Couple this with BBB and IRA, you have a much more progressive president than what people give water to it.

[–] Resonosity@lemmy.world 1 points 1 day ago

Pretty much lmao

[–] Resonosity@lemmy.world 5 points 1 day ago

When you mean "all", I wonder who you group in that conception.

Not all of us believed Kamala would win. A good group of people were calling out Kamala's shit since the DNC, and everything since. With the direction of the campaign, you had a good chance to predict Kamala's underperformance.

Let's not kid ourselves here.

[–] Resonosity@lemmy.world 1 points 1 day ago

Fuck, I've been putting off getting a new laptop, but hell this is probably going to influence that decision.

Probably should get on it and buy it now ahead of day 1

[–] Resonosity@lemmy.world 2 points 1 day ago

When fully capable adults do stupid things, like campaigning to a voting base as grotesque as Trump's, I blame them for doing it.

Democrats, or at least those in their establishment bubble either on TV, on podcasts, at the DNC, or on the congressional floor, will believe anything they want to that'll pass on blame and hold to a superiority complex that they're never wrong. Power corrupts and all that.

Inspiration is absolutely required when you outside of the representative Democracy have lost hope in the economy, society, or planet. Apathy is much more destructive than idiocy, even when the latter is in favor of fascism. Apathy is what lets fascism and idiocracy prosper. There needs to be a counterforce should we keep the alternative at bay.

Democrats did not take Trump's potential to do the above seriously enough, either in his rhetoric to espouse fascism or cast mis- and disinformation. And now we have to deal with their failure.
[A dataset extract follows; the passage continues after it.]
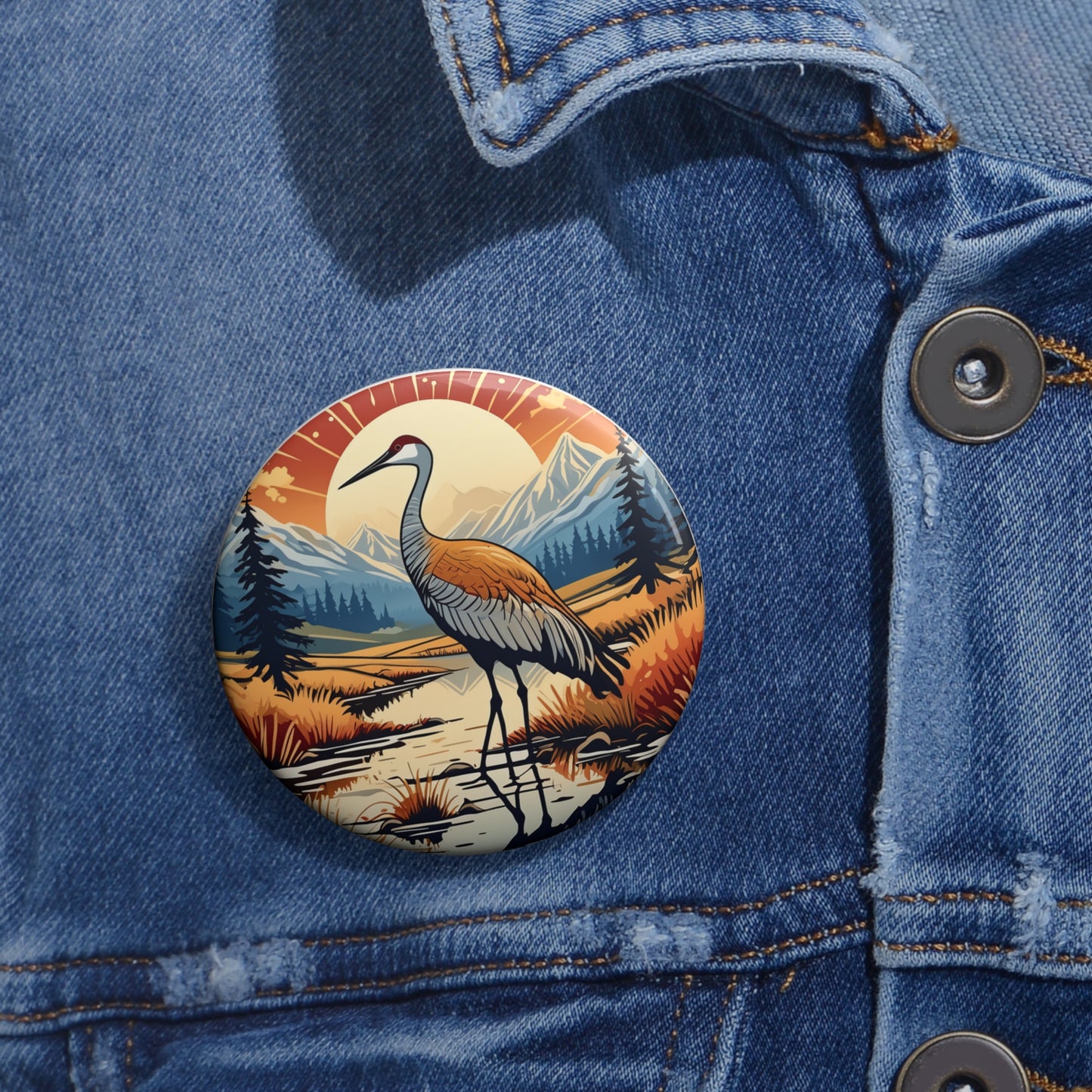 Sandhill Crane Pin Button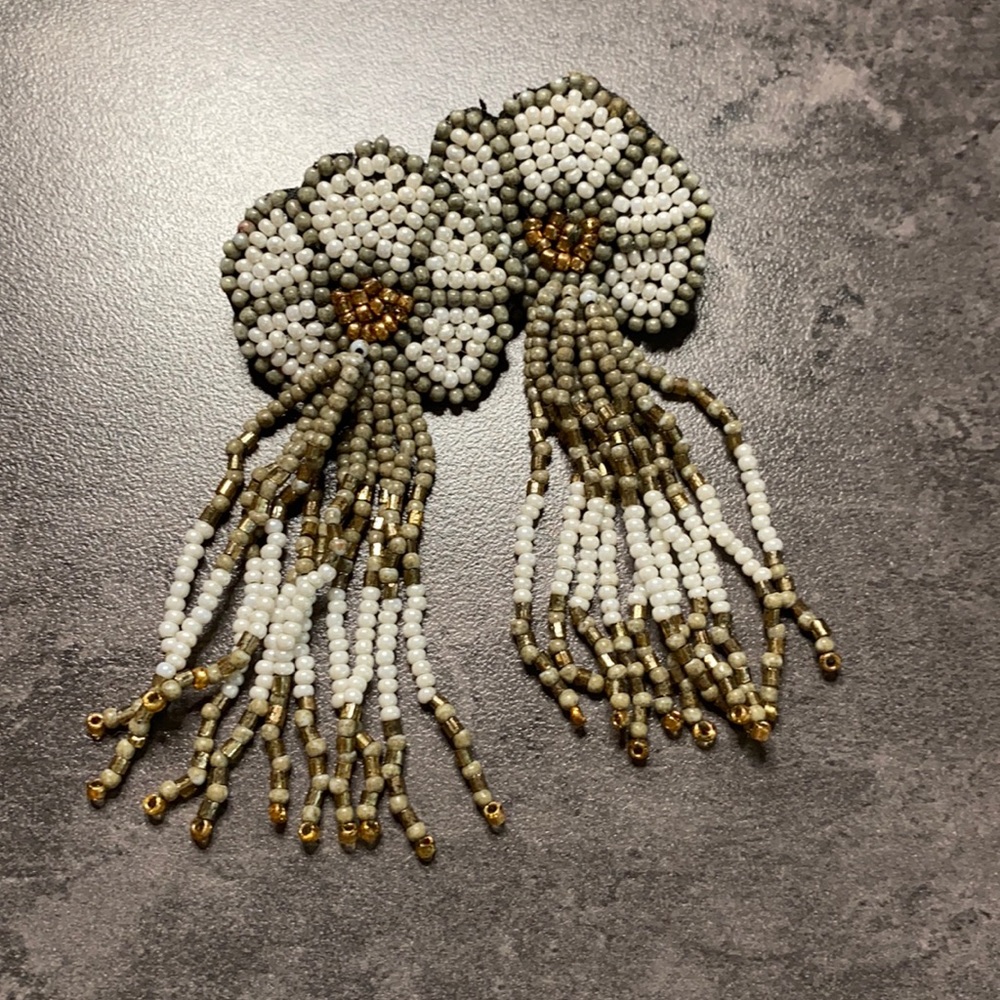 3 in ch handmade beaded flower earrings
[–] Resonosity@lemmy.world 4 points 1 day ago

I voted for Harris. Most leftists I know also voted for Harris.

Doesn't mean we can't be critical. She took every wrong turn after getting handed the keys to the campaign. Including not supporting a ceasefire and cease of arms transfers until the last few days before the election.

Maybe if she would have advocated for that at the start, things would have turned out differently. But then again you can say that about many things her campaign did wrong.

This was her's and the establishment Dems' campaign to lose, and they did with flying colors.